Relacionado com o Direito Penal do Inimigo, teoria proposta por Günther Jakobs, consubstanciada na defesa de um tratamento diferenciado àqueles indivíduos que vão de encontro às normas estabelecidas a toda sociedade de forma tão gravosa que não devem ser considerados cidadãos, ensejando a reprimenda do Estado.

Neste mesmo raciocínio, o Direito Penal do Autor consiste em um conjunto de regras destinadas à exclusão daqueles que potencialmente apresentem alguma ameaça à sociedade, combatendo-se possíveis perigos em relação a fatos futuros.

A Escola Positivista nasceu num cenário histórico de acelerado desenvolvimento das ciências sociais, contribuindo, de forma significativa para impulsionar um novo rumo nos estudos criminológicos. Ao abstrato individualismo da Escola Clássica, a Escola Positiva opôs a necessidade de defender mais enfaticamente o corpo social contra a ação do delinquente, priorizando os interesses sociais em relação aos indivíduos[1].

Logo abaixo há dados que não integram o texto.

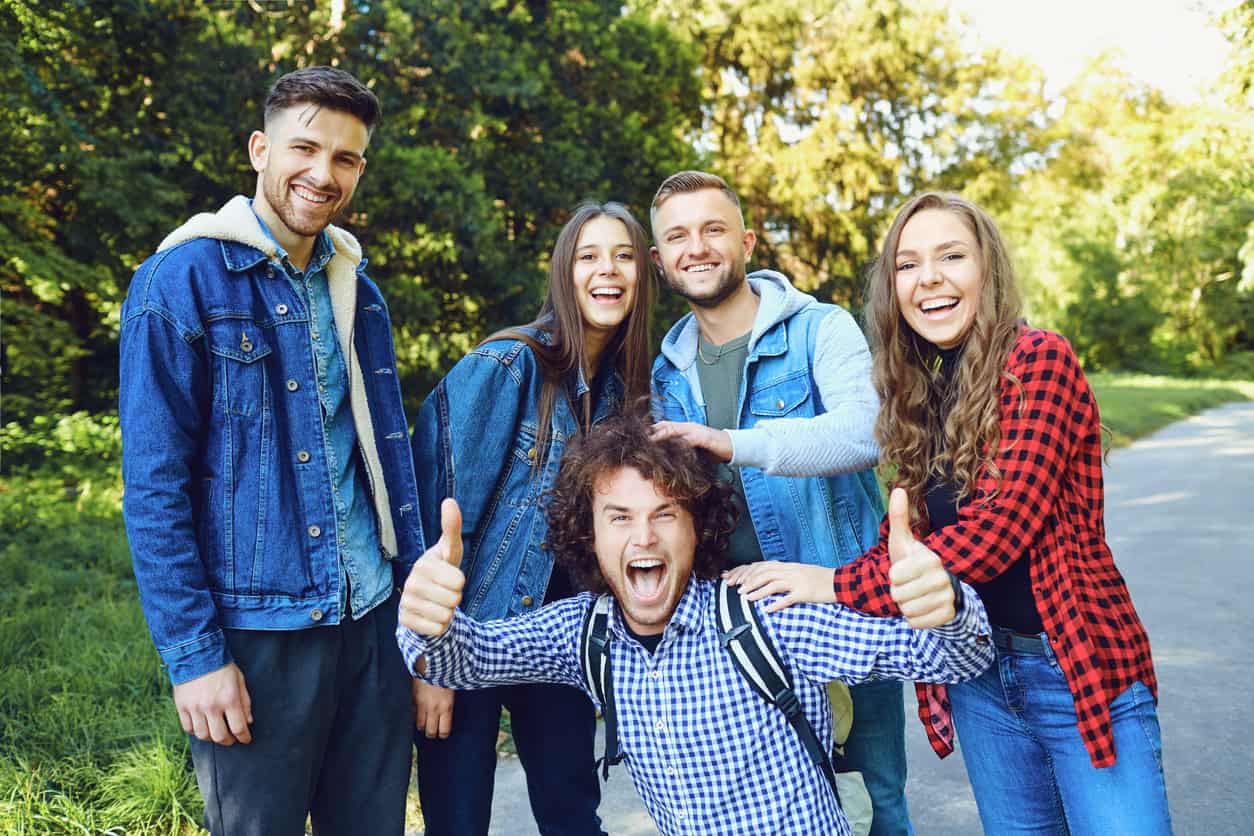 grupa przyjaciół studentów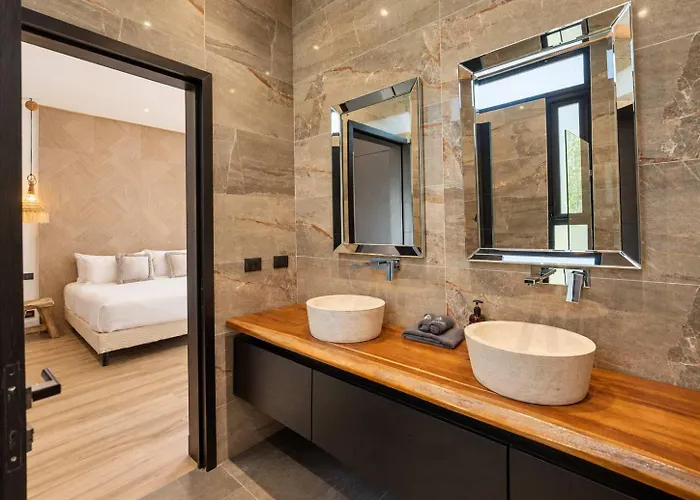 Luxe 8br Double Villa, Gated, Patio & Pool Casa de férias *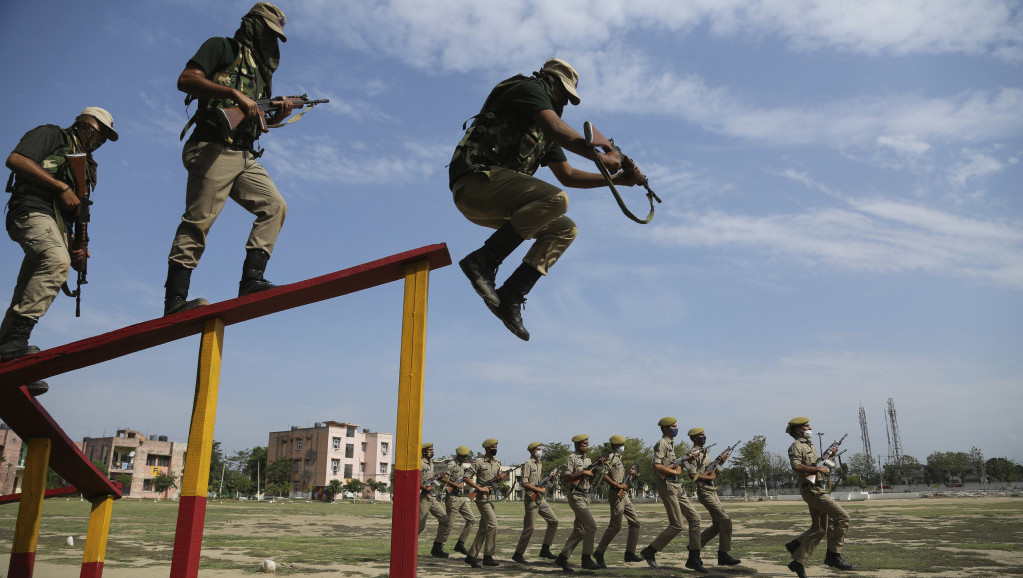 FOTO Indija obučava mladiće i devojke u Kašmiru za specijalne policajce, jedini zadatak - granica sa Pakistanom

Cesare Lombroso, médico italiano, considerado o pioneiro da Escola Positivista e criador da antropologia criminal, estudou o delinquente sob o ponto de vista biológico, considerando o crime como uma manifestação da personalidade humana e produto de várias causas, sendo esta ideia principal do Direito Penal do Autor.

Lombroso expôs em detalhe suas observações e teorias na obra O Homem Delinquente cuja primeira edição apareceu em 1876, convertendo-o em celebridade. Em 1885, realizou-se em Roma um Primeiro Congresso de Antropologia Criminal, e as teses e propostas de Lombroso obtiveram grande sucesso e reconhecimento científico no fim do século XIX.[2]

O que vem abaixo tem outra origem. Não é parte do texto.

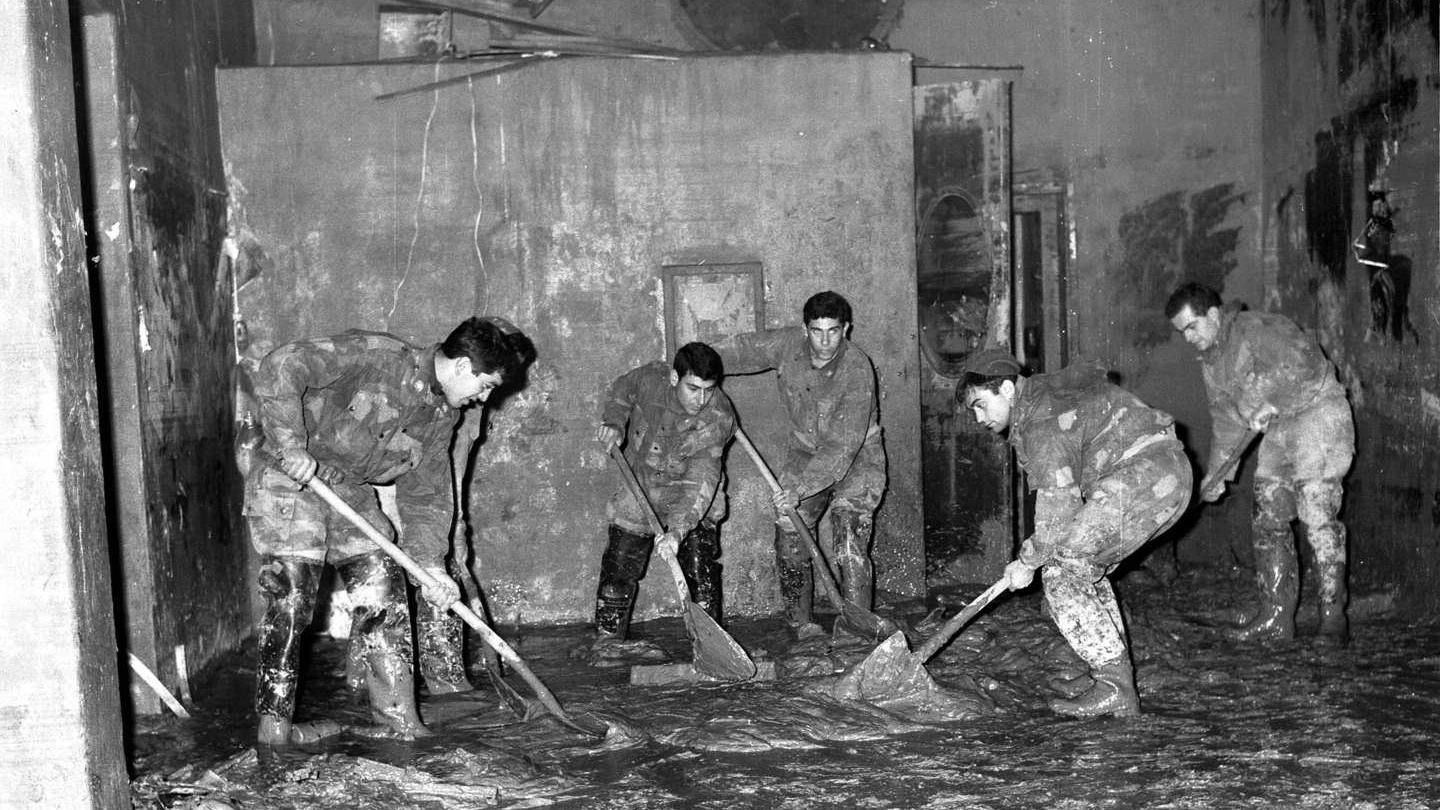 L'Alluvione di Firenze del 1966 (foto archivio storico Fotocronache Germogli)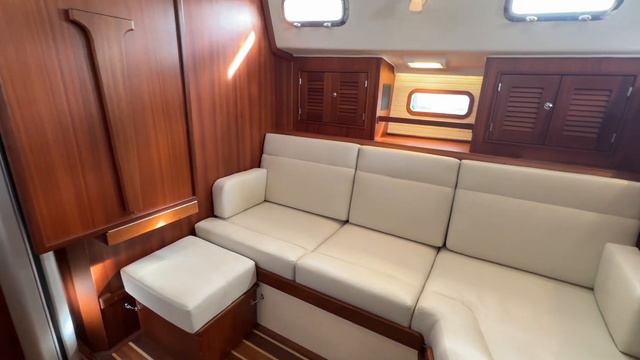 Island Packet 439-23 Interior and Exterior смотреть онлайн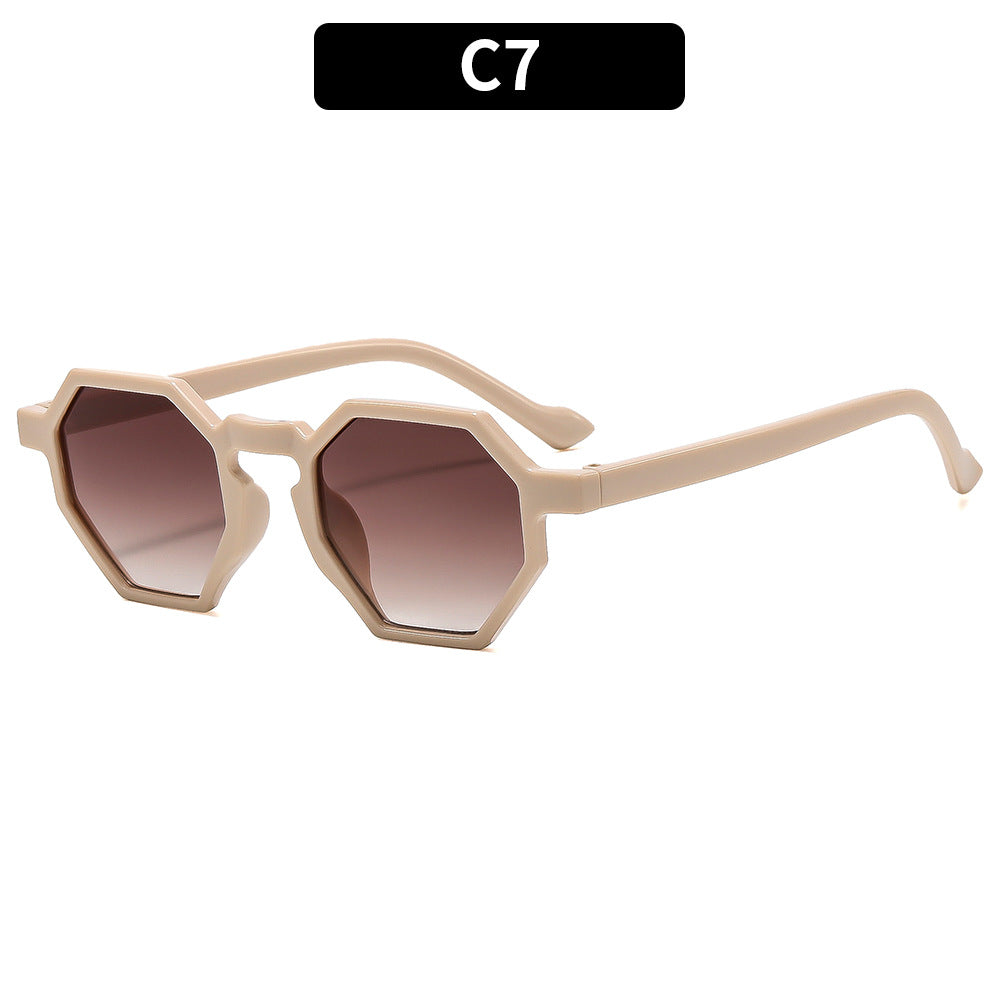 Distinctive Geometric Frame Sunglasses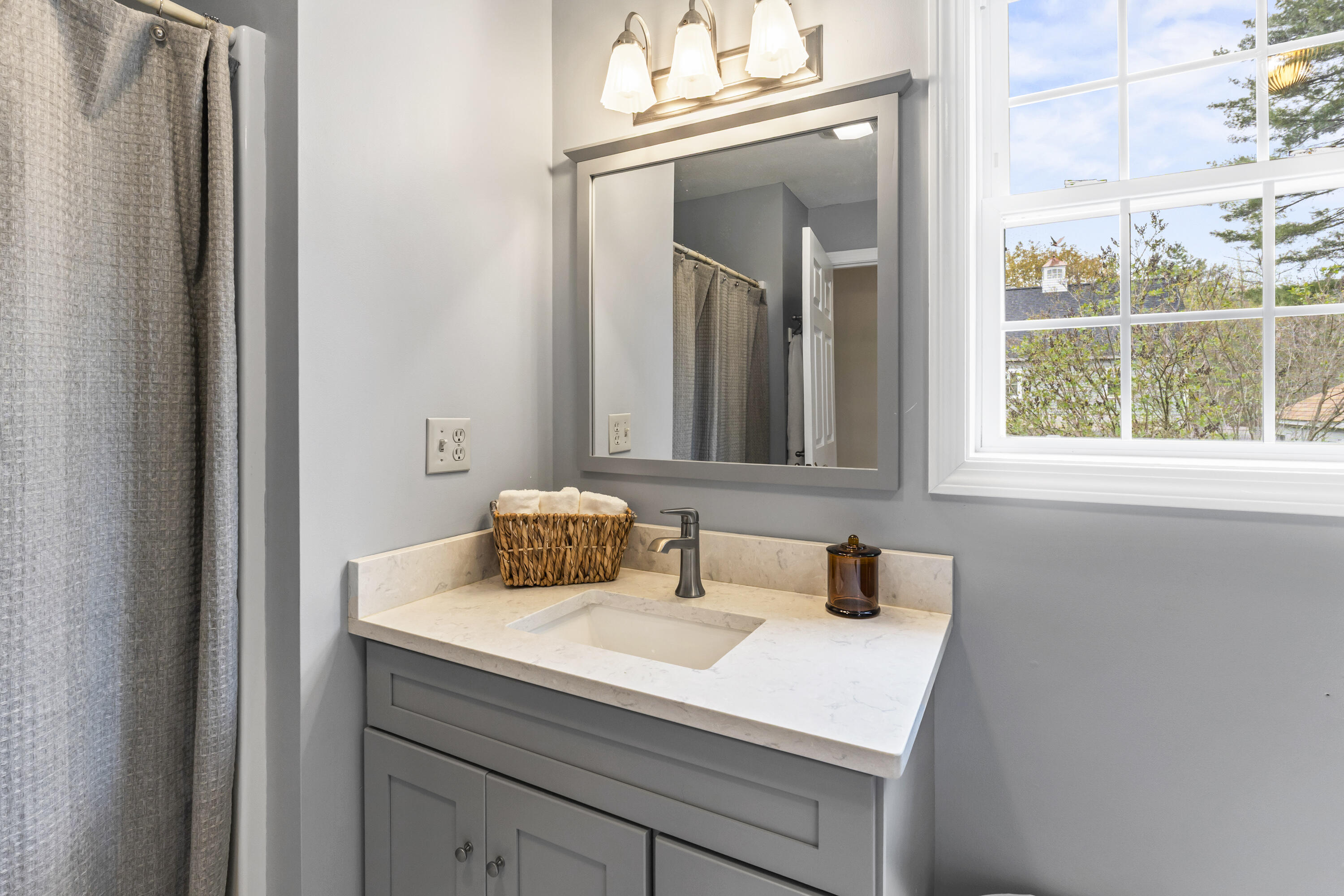 36 Plaisted Road York, ME 03909 - Photo 20 of 46 1st floor bath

A corrente positivista cogitou aplicar ao Direito os mesmos métodos de observação e investigação que se utilizava em outras disciplinas (Psicologia, Sociologia, etc.) a fim de tentar traçar um padrão de características pessoais inerente aos criminosos.

A Escola Positiva, ora defendida por Lombroso, Ferri e Garófalo, vislumbrava a figura do homem-delinquente, detentor de características que o tornava perigoso à sociedade, em face de uma suposta inclinação que certos indivíduos têm para o crime. Idealizou e estereotipou o criminoso nato, que seria reconhecido por uma série de estigmas físicos. Dentre suas principais ideias, destacamos a que conceituava o crime como um fenômeno biológico e não um ente jurídico.

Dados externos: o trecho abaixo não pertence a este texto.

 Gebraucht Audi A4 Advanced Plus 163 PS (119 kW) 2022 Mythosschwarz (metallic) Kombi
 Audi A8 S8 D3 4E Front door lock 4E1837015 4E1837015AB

Nesta corrente se entendia que aqueles que nascessem com anomalias físico-psíquicas, já deveriam ser tratados como criminosos natos, impedidos de se adaptarem à sociedade, haja vista que já se devia esperar a prática de fatos delituosos por tais indivíduos. Dessa forma, a pena não tinha a finalidade de punir, mas sim, possuía o caráter preventivo.

Segundo Sykes[3]; Lombroso afirmava que a pessoa que violava as leis da sociedade recuava a uma forma mais primitiva de vida.

A escola positivista lecionava que as pessoas, conforme suas características psíquico-orgânicas, já estavam inclinadas a cometer algum delito, por isso, o Direito Penal deveria basear-se na proteção social, largando toda a pretensão ética. Nela, o autor é considerado um ser inferior e degenerado, e o delito fruto do estado de periculosidade.

Desta forma, o Estado passaria a exercer uma proteção social, punindo ou neutralizando aqueles que representassem algum perigo à sociedade, ainda que antes do agente cometer algum delito.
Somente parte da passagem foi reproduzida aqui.